Let's understand why we use these specific penalty forms:

Why the L1 penalty uses absolute values?

The absolute value function $|\beta_j|$ has a special property: its derivative is not continuous at zero. This creates a "corner" in the optimization landscape that can drive coefficients exactly to zero, effectively performing automatic feature selection. When we take the derivative of $|\beta_j|$ , we get:

$\frac{d}{d\beta_j}|\beta_j| = 1$ when $\beta_j > 0$
$\frac{d}{d\beta_j}|\beta_j| = -1$ when $\beta_j < 0$
$\frac{d}{d\beta_j}|\beta_j|$ is undefined at $\beta_j = 0$

This discontinuity is what allows LASSO to set coefficients exactly to zero.

Why the L2 penalty uses squared terms?

The squared penalty $\beta_j^2$ has a smooth, continuous derivative everywhere: $\frac{d}{d\beta_j}\beta_j^2 = 2\beta_j$ . This smoothness helps with correlated features by encouraging similar coefficients for similar features, creating a "grouping effect." The penalty grows quadratically, so larger coefficients are penalized more heavily than smaller ones.

The Complete Elastic Net Objective Function

Combining all three components, our Elastic Net objective function becomes:

\min_{\boldsymbol{\beta}} \left\{ \sum_{i=1}^n (y_i - \hat{y}_i)^2 + \lambda_1 \sum_{j=1}^p |\beta_j| + \lambda_2 \sum_{j=1}^p \beta_j^2 \right\}

where:

$\boldsymbol{\beta} = [\beta_0, \beta_1, \ldots, \beta_p]^T$ is the vector of coefficients we are optimizing
$\sum_{i=1}^n (y_i - \hat{y}_i)^2$ is the sum of squared errors (data fit term)
$\lambda_1 \sum_{j=1}^p |\beta_j|$ is the L1 penalty term (encourages sparsity)
$\lambda_2 \sum_{j=1}^p \beta_j^2$ is the L2 penalty term (encourages small coefficients)

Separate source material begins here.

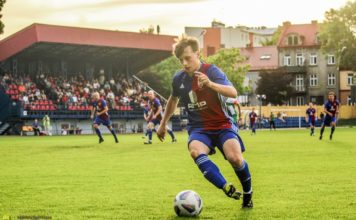Nożna. BKS pokonał Okocimskiego Brzesko 2:0 – ZDJĘCIA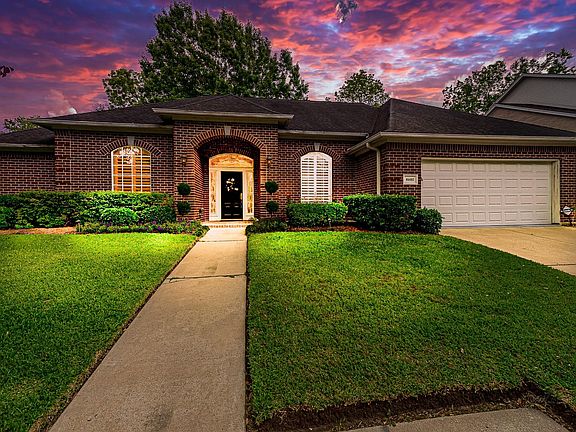 3rd image of 4602 Lake Village Dr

Let's break down what each part does:

Data Fit Term $\sum_{i=1}^n (y_i - \hat{y}_i)^2$ : Ensures our predictions are close to the actual values
L1 Penalty $\lambda_1 \sum_{j=1}^p |\beta_j|$ : Encourages sparsity by driving some coefficients to exactly zero
L2 Penalty $\lambda_2 \sum_{j=1}^p \beta_j^2$ : Encourages small coefficients and handles correlated features well

The parameters $\lambda_1$ and $\lambda_2$ control the strength of each penalty:

When $\lambda_1 = 0$ and $\lambda_2 > 0$ : We get pure Ridge regression
When $\lambda_1 > 0$ and $\lambda_2 = 0$ : We get pure LASSO regression
When $\lambda_1 > 0$ and $\lambda_2 > 0$ : We get Elastic Net

Understanding the Norm Notation

We can write the penalty terms more compactly using norm notation:

\lambda_1 \sum_{j=1}^p |\beta_j| + \lambda_2 \sum_{j=1}^p \beta_j^2 = \lambda_1 \|\boldsymbol{\beta}\|_1 + \lambda_2 \|\boldsymbol{\beta}\|_2^2

where:

$\|\boldsymbol{\beta}\|_1 = \sum_{j=1}^p |\beta_j|$ is the L1 norm (Manhattan distance)
$\|\boldsymbol{\beta}\|_2 = \sqrt{\sum_{j=1}^p \beta_j^2}$ is the L2 norm (Euclidean distance)
$\|\boldsymbol{\beta}\|_2^2 = \sum_{j=1}^p \beta_j^2$ is the squared L2 norm

The L1 norm measures the sum of absolute values, while the L2 norm measures the square root of the sum of squares. In our formulation, we use the squared L2 norm ( $\|\boldsymbol{\beta}\|_2^2$ ) for mathematical convenience.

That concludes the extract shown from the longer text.